Uniquement prévu en format papier, Tchika devrait aussi connaître une extension web pour informer les parents sur le sexisme. Cependant Élisabeth Roman estime que le format papier reste le meilleur moyen d’atteindre les jeunes. « Dès qu’ils ont un portable, ils vont sur YouTube ou ils font des jeux, explique-t-elle. En tout cas ils ne lisent pas vraiment sur le web et à partir de ce moment-là, on les perd. »

Jouer sur les deux tableaux

1jour,1actu a quant à lui décidé de jouer sur les deux tableaux. Lancé par Milan Presse il y a 6 ans, le magazine se décline sous la forme d’un poster à déplier. Ce dernier retrace les grandes actualités de la semaine de manière très graphique.

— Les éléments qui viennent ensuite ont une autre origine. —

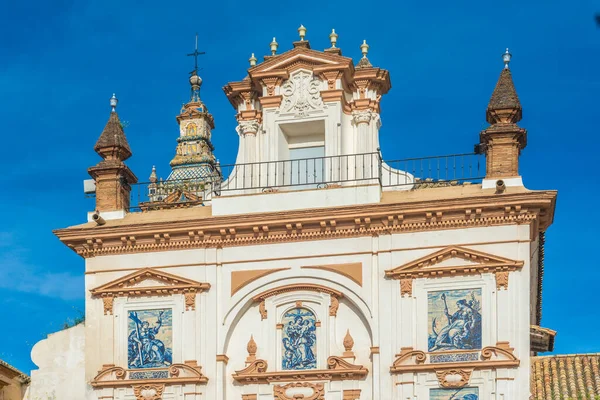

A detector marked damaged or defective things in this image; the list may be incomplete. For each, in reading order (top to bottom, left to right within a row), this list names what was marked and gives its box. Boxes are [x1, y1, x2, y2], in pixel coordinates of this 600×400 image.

broken pediment [89, 270, 210, 314]
broken pediment [386, 245, 524, 296]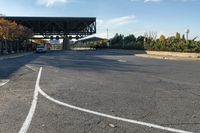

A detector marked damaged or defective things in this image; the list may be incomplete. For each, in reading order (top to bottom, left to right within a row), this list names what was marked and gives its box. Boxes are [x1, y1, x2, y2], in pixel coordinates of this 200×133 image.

« L’idée est de pouvoir le regarder et le lire avec des adultes afin de lancer une conversation sur un sujet, explique la rédactrice en chef Malicia Mai-Van-Can. L’avantage du papier est de pouvoir apprendre aux enfants comment hiérarchiser une information. Mais on a aussi constaté que les jeunes abandonnent l’envie de lire à l’entrée du collège. Comme ils sont sur YouTube on a donc décidé de les accompagner aussi sur cette plateforme. On a lancé un format vidéo d’une minute trente qui est aussi diffusé sur France 4. On s’est notamment inspiré de ce que font les youtubeurs avec de la connivence et une voix bien identifiée pour attirer un jeune public». La chaîne cumule pour le moment plus de 169 000 abonnés. C’est encore loin des influenceurs les plus connus, mais c’est déjà un bon début.